SALTA.- (Por Diego Nofal) Imaginen por un momento el escenario. “Acá están, estos son, los saenzistas del león”, dicen que cantaban Pablo Outes y Yolanda Vega, muy cerca de Carlos Zapata, Gabriela Flores, Eliana Bruno y Moreno Ovalle. Todos miraban de reojo a Bernardo Biella, el único que mantuvo la dignidad y votó distinto a su bloque. Eso será algo que jamás le perdonarán. No lo de votar distinto, en política las traiciones se perdonan, lo imperdonable es tener dignidad propia.
Para que entren en contexto esta escena ficticia, ayer hubo sesión en el Congreso de la Nación. Los diputados nacionales por Salta, varios debutantes, tuvieron su primera votación picante. Era nada menos que el presupuesto 2026, la ley de leyes. Incluía al menos dos puntos más que escabrosos, los cuales requerían mucho estómago para apoyarlos con convicción.
Uno era dejar sin efecto la ley de financiamiento universitario. Esa norma fue vetada e insistida luego con el voto de una mayoría agravada. El otro punto requería un temple fuera de lo común para refrendarlo. Buscaba voltear la ley de emergencia en materia de discapacidad. Era una norma que aseguraba derechos básicos a las personas más vulnerables de nuestra sociedad.
Los libertarios, todos lo sabemos, no están en el Congreso para pensar con profundidad. Solo van a levantar la mano y a seguir órdenes al pie de la letra. Podríamos haber votado un bot que apriete “afirmativo” automáticamente. Nos hubiéramos ahorrado bastante dinero en empleados y asesores parlamentarios.

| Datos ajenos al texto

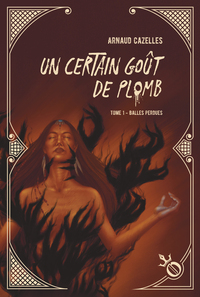 Un certain goût de plomb - Tome 1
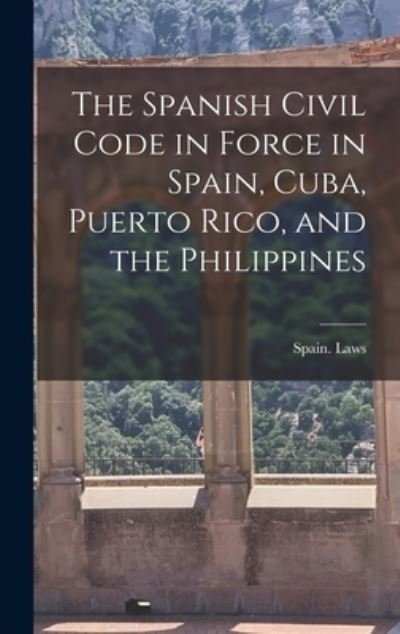 Spanish Civil Code in Force in Spain, Cuba, Puerto Rico, and the Philippines - Spain Laws - Kirjat - Creative Media Partners, LLC - 9781016318198 - torstai 27. lokakuuta 2022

Así que los cuatro libertarios al unísono votaron por el desfinanciamiento clave.
Pero esperábamos algo distinto de los diputados salteños. Esperábamos que Pablo Outes, Yolanda Vega y Bernardo Biella apoyaran a estudiantes y discapacitados. Es para eso que nació, con un rimbombante nombre, el bloque Primero los Salteños. Nada de eso ocurrió en la crucial votación nacional. Primero no están los salteños, muy por encima están los acuerdos políticos circunstanciales. Outes y Vega votaron junto con los libertarios sin ningún reparo. Bernardo Biella pensó en su supervivencia política recién iniciada. “Yo acabo de llegar, a mí en este quilombo no me metan”, debió reflexionar. Le dio al botón rojo de negativo y se diferenció de sus colegas.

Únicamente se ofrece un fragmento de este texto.